Easton suggests, as well, that the increase in online sales of books and music has somewhat reduced the impact of the kind of place where readers and users can actually walk in, view the product and take it with them.

Easton suggests that anyone venturing into Christian bookselling should have a very clear understanding of the retail field.

It is also important, he says, that people in this business have a sense of what it takes to serve the Christian community, and relate to the churches in that community.

For example, he says, “music sales are down 10 to 20 per cent, right now, and gift items are up.” That means the retailer must be able to anticipate these shifts and stock to meet them.

Easton plans no changes to the number of Christian Book and Music stores – the three have been in place since his parents, Don and Judy, started them over two decades ago.

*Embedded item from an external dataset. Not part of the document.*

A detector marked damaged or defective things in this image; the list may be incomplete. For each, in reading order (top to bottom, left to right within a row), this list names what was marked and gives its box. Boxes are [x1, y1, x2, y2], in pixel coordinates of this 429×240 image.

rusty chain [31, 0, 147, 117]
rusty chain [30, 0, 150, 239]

Actually, the Victoria store began with the purchase of the assets of the old Christian Book Room, close to 50 years ago, from the late Frank and Nora Hamilton.

The Eastons and the Hamiltons had been friends and fellow-congregants at Oaklands Chapel and, before that, Oaklands Gospel Hall, so it was a passing-of-the-baton situation.

But Easton does allow that Christian retailers, no matter their situation, need to adapt to changing markets.

For now, he hopes for a stable dollar value, so that planning and thinking ahead is a little easier than it has been for the past year.